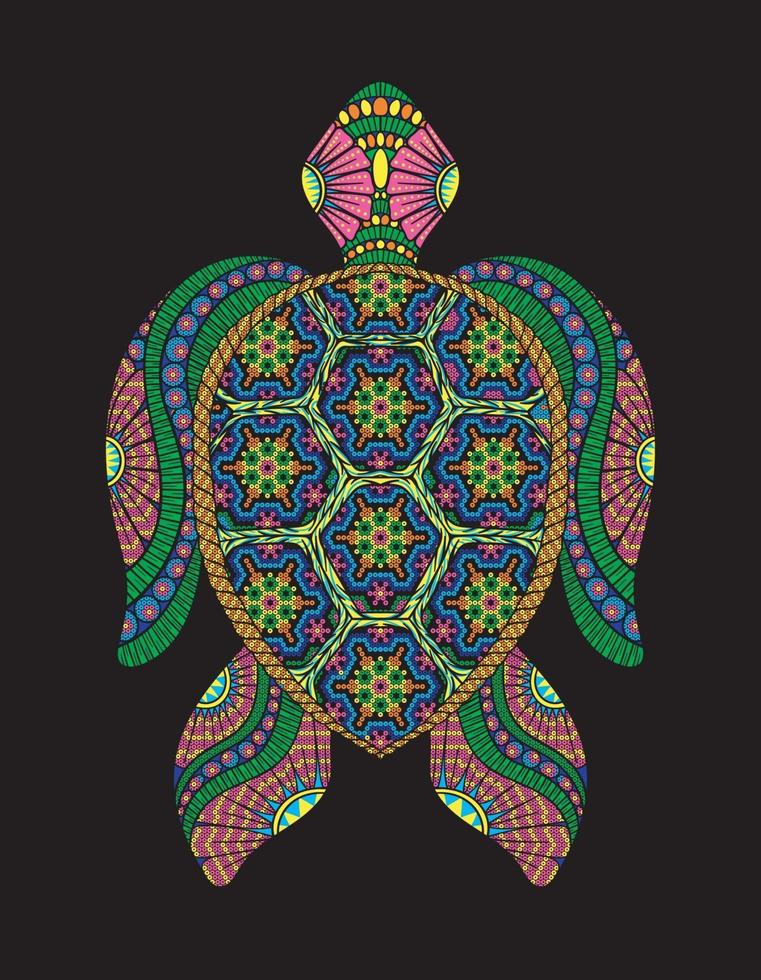 tortuga mexicana huichol vector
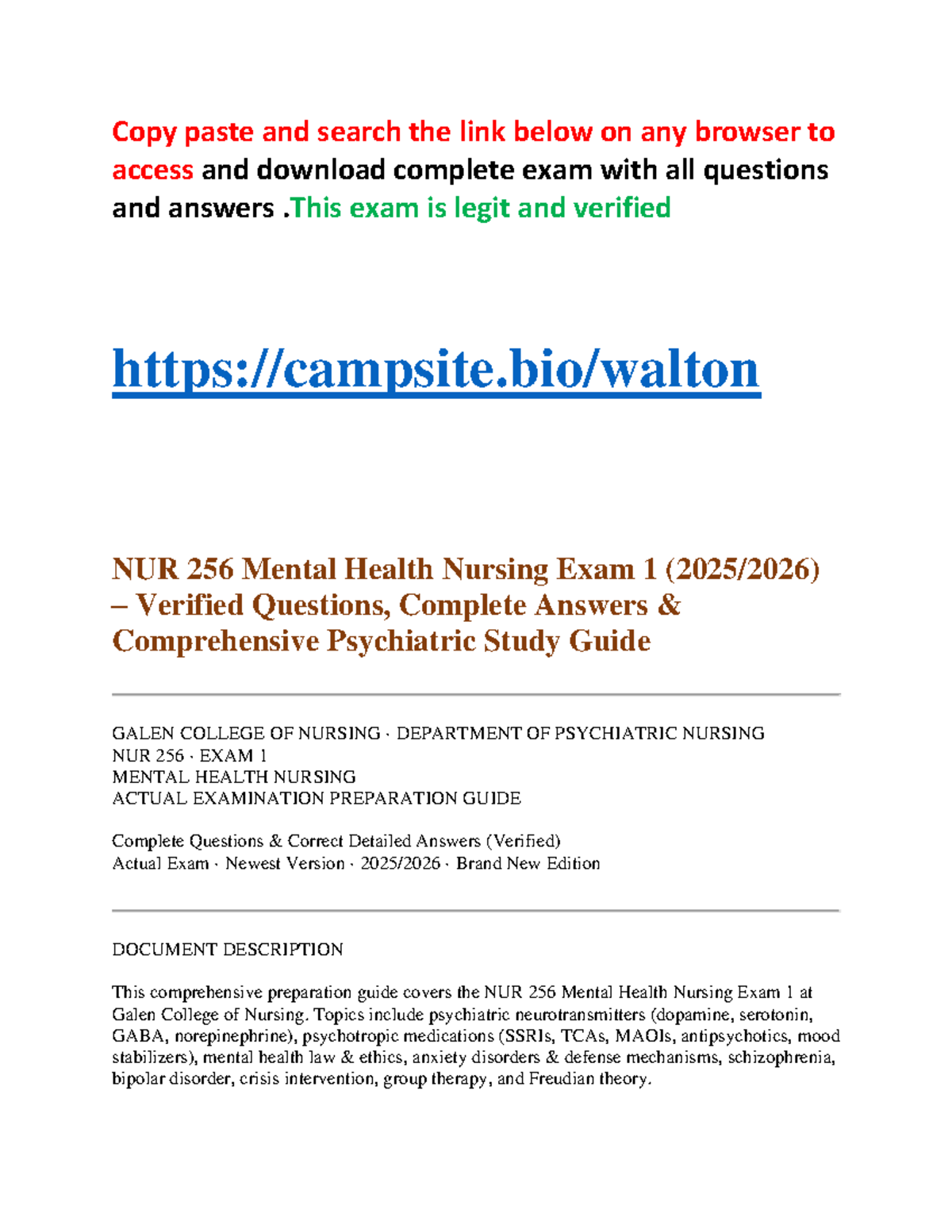 NUR 256 Mental Health Nursing Exam 1 Study Guide with Verified Answers ...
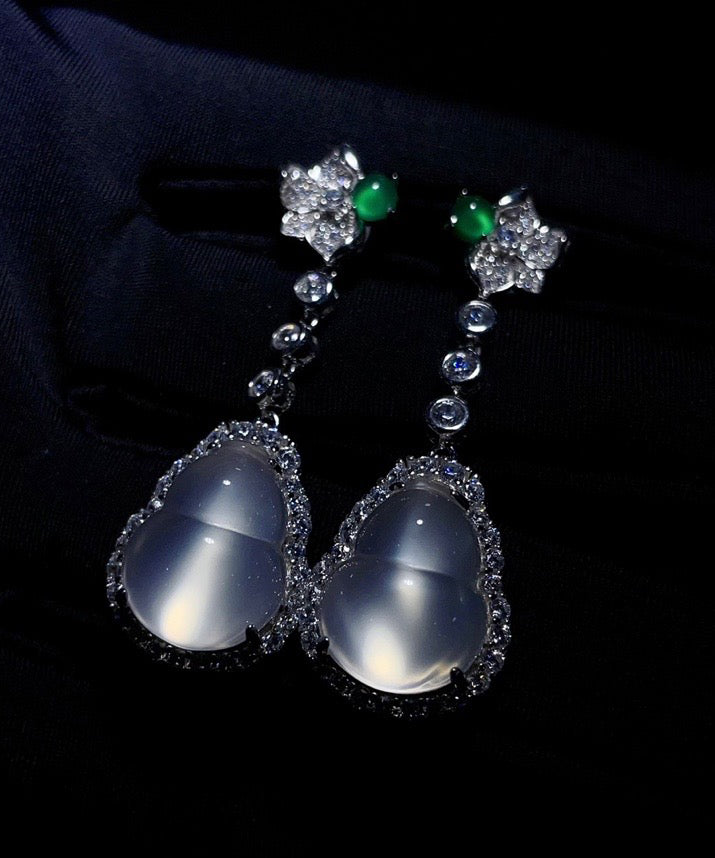 Chic Nude Sterling Silver Inlaid Zircon Jade Gourd Drop Earrings AC1064 Genistyle Shop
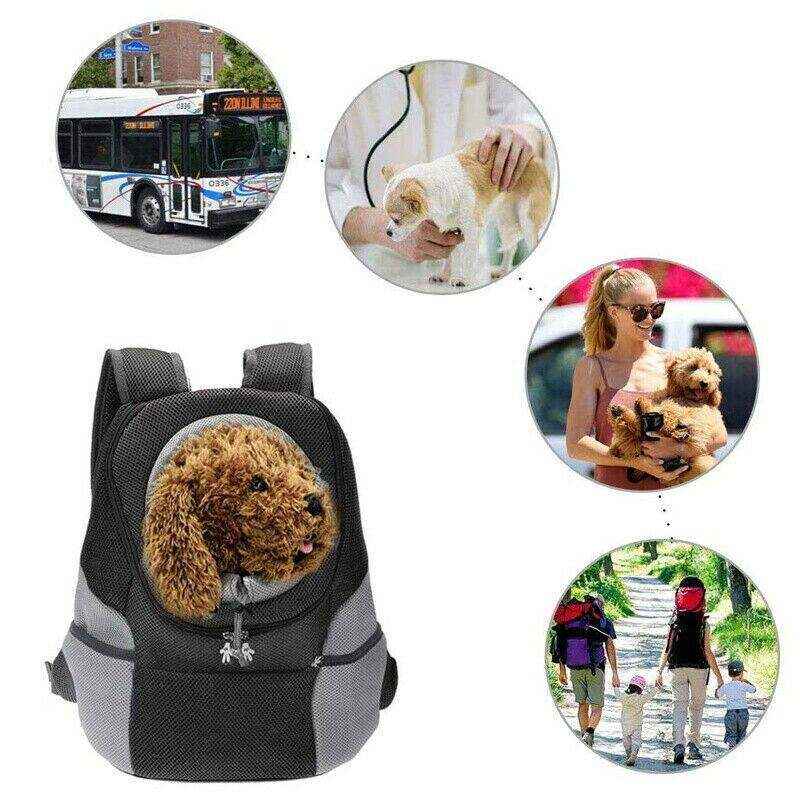 Dog Front Carrier Backpack Puppy Travel Mesh Pet Dog Carrier Backpack Blue - Image 5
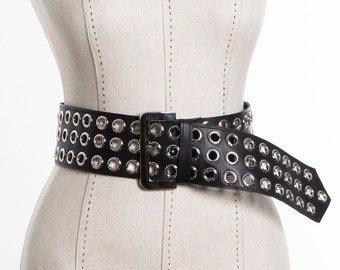 SETUP-EXE☆STUDDED WIDE BELT XZQTIVE Studded Punk Rivet Belt for Women/Men - Leather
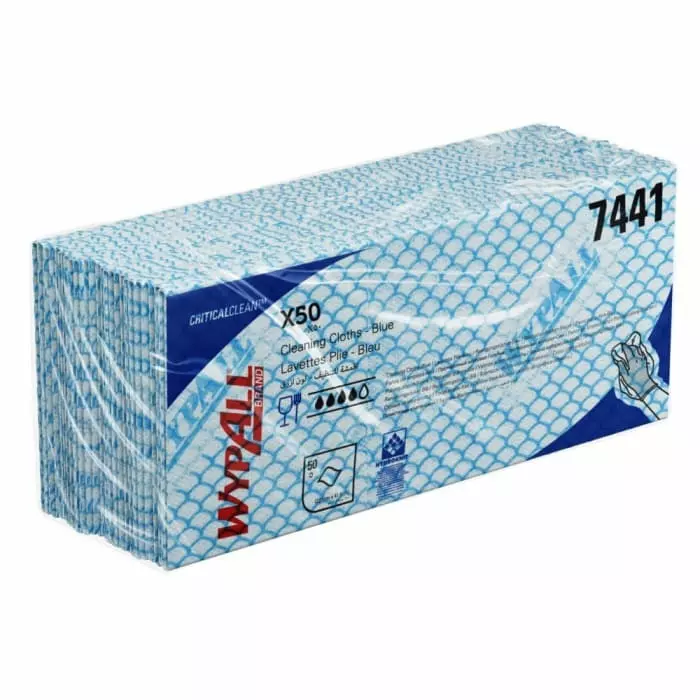 Kimberly Clark WypAll X50 Critical Clean 7441 Blue Cloths for Surface Cleaning Dry Use 418 x 221mm, 7441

Task description.
Leave out the pictures and copy exactly the lines from the one with "SETUP-EXE☆STUDDED WIDE BELT" through the last line of the records above.

Answer to this problem.
 SETUP-EXE☆STUDDED WIDE BELT XZQTIVE Studded Punk Rivet Belt for Women/Men - Leather
 Kimberly Clark WypAll X50 Critical Clean 7441 Blue Cloths for Surface Cleaning Dry Use 418 x 221mm, 7441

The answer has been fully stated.